Welterweight semifinal: No. 5 David Michaud def. No. 1 Glaico Franca by majority decision

It was a tough night for the No. 1 seed at welterweight. Franca took a beating earlier in the evening in a victory over Andre Fiahlo but made it to the semifinals — and the damage continued at the hands of Michaud. Franca got in his licks, especially in the grappling early, but as time wore on, he couldn’t stand up to the relentlessness of Michaud, who stalked him for three rounds and hurt him with punches and knees on several occasions.

Despite a one-two combo of a seemingly unintentional low-blow knee followed by a knee to the head that opened a cut on Michaud’s head, the damage only seemed to energize the eventual winner.

Two of the judges scored the fight 29-28 for Michaud, and the other saw it as a draw. Afterward, Franca announced his retirement, then made a bid for at least one victory on the evening: He preempted Michaud’s postfight interview for a moment as he publicly proposed to his girlfriend.

As for Michaud, he moves on to the New Year’s Eve final against Ray Cooper III.

Welterweight semifinal: No. 6 Ray Cooper III def. No. 7 Chris Curtis by second-round KO

Some fighters might have been thrown off, but not Ray Cooper III.

Cooper knew a win earlier in the night would bring him back to the cage. He also knew that if the bracket fell right, he would be stepping in for the rematch with Magomed Magomedkerimov that he had craved since Magomedkerimov defeated him in last year’s $1 million PFL welterweight final.

The bracket went the way Cooper had been hoping … until it didn’t. He won his first fight of the night, and so did Magomedkerimov, setting up the rematch. But then Magomedkerimov was unable to come back and fight, and he was pulled from the semifinal. He was replaced by Chris Curtis, whom he’d beaten earlier in the evening. Curtis, for his part, had left his gloves in the center of the cage as a sign that he was retiring and then confirmed it with a post on Instagram.

Cooper (19-7) took it all in stride, and Curtis (21-7), to his credit, came to fight.
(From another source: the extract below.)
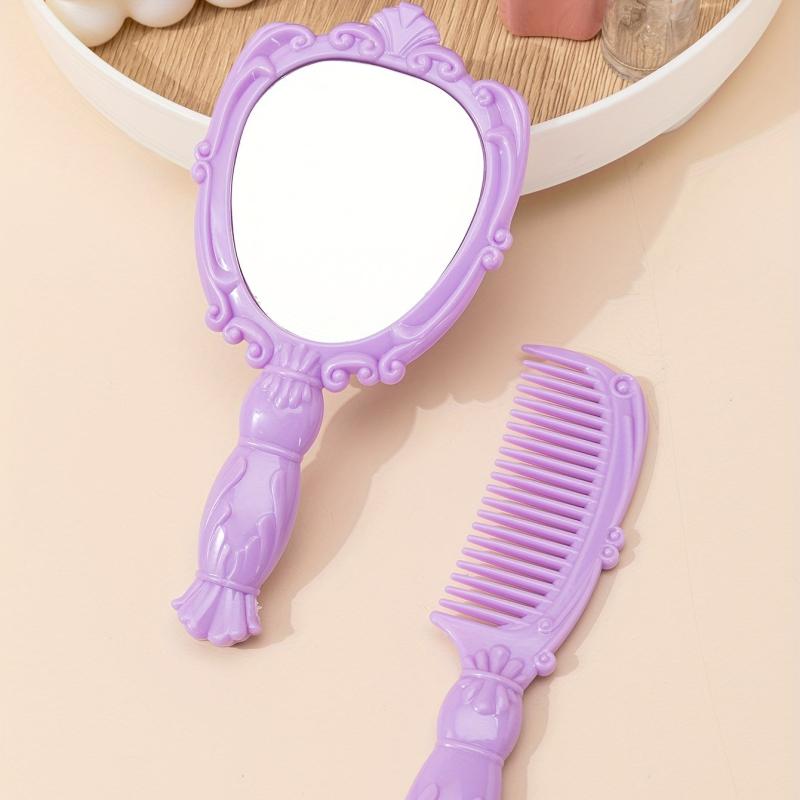 Vintage Purple Handheld Makeup Mirror Compact Purse Set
In fact, he showed more life in his second bout than he had against Magomedkerimov. But Cooper is a dangerous man, and when Cooper’s right hand caught up with Curtis’ chin, it did so in a big way. The monstrous punch, just 11 seconds into Round 2, sent Curtis back into retirement, bouncing his head off the mat and flattening him along the way.

Women’s lightweight semifinal: No. 2 Kayla Harrison def. No. 5 Bobbi Jo Dalziel by first-round submission (armbar)

Harrison showed everyone on Friday’s card a thing or two with the most decisive finish of the night. Even though she needed to fight only once to gain a spot in the New Year’s Eve women’s lightweight final, Harrison showed what was lacking for most of the night among the two-fights-in-one-night welterweight men. She sustained zero damage after seizing advantage in the opening seconds, getting an immediate takedown and never allowing Dalziel to get back into the fight.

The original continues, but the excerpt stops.